Atilla yazıtlarında geçen, atilla romalıları tarif ederken; "puta tapan kavimdir" der ve şöyle devam eder; " ırkımdan olan puta tapmaz!"

sanıldığı gibi türkler şaman olmamışlardır. puta da tapmamışlardır. var olduklarından beri tek tengri, tek Allah inancına sahip olmuşlardır.

yine yazıtlardan öğrendiğimize göre Türkler; Allah'ın en büyük kudret olduğuna, yeri göğü yarattığına, yeri yeşerttiği ne, öldüren ve dirilten o olduğuna inanmışlardır... biz burada konuyu kısaca ele alıyoruz.

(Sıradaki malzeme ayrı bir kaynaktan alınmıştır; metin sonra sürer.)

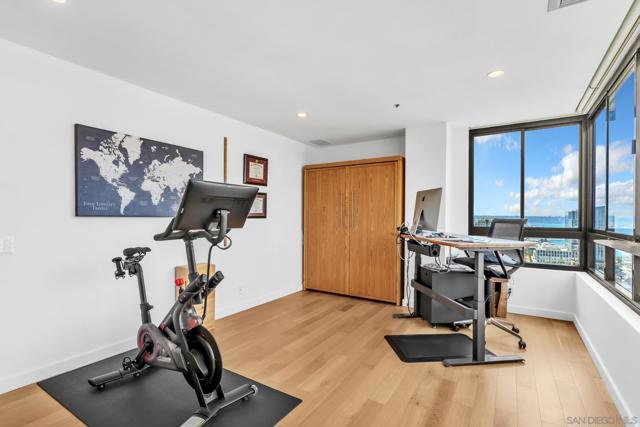 700 Front St, San Diego CA: https://media.crmls.org/mediaz/35365c33-d5d2-4de2-aac0-8493662347d3.jpg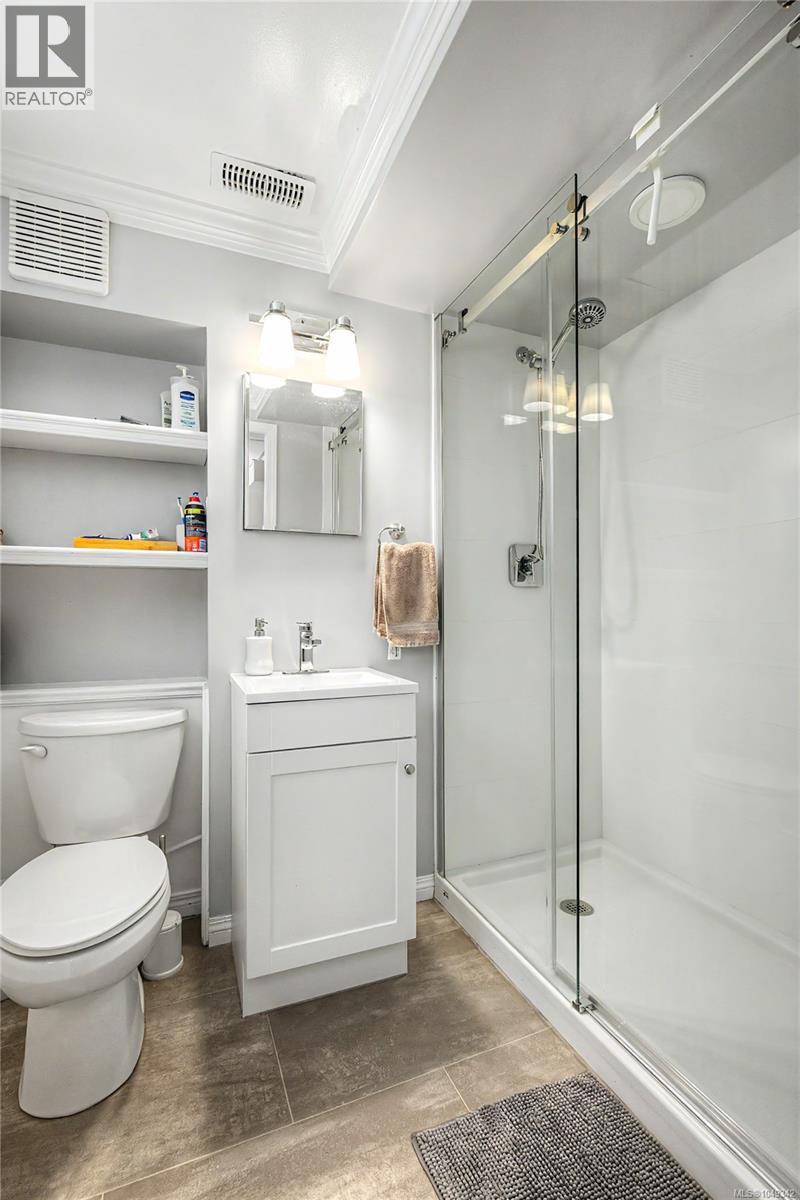 3071 Shamrock Pl Property Photo 29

zülkarneyn (a.s) bilge kağandır

tarihin gizlediği ve bilerek gizlendiği bir sırdır….

peki bilge kağan gerçekte kimdir? biraz sonra o konuya geleceğiz, konumuza devam edelim:

şimdi, üstte gök çökmedikçe, altta yer delinmedikçe…sözlerinin manalarına bir göz atalım.


ü



gizli türk tarihi
bu sözü söyleyen bilge kağan'dır. şimdi kehf suresi'nde geçen zülkarneyn (a.s)'ın özelliğinden bahsedelim. zülkarneyn (a.s) yecüc ve mecüc isimli kavimin arasına set çeker. yecüc ve mecüc kıyamete yakın en büyük alamet olarak, yine kur'an'nın ifadesine göre, seddi delecek ve bu kıyametin büyük alameti olacaktır. (seddi delmek ve yerin delinmesi.) bu ifadeler, daha öncede söylediğimiz gibi kur'an-ı kerim'in bir çok ayetinde kıyamet tarifinin neredeyse birebirdir. (gök çökerse, yer delinirse kıyamet olmaz mı? kur'an ifadesiyle yer beşik gibi sallanmaz mı? güneş dürülmez mi?)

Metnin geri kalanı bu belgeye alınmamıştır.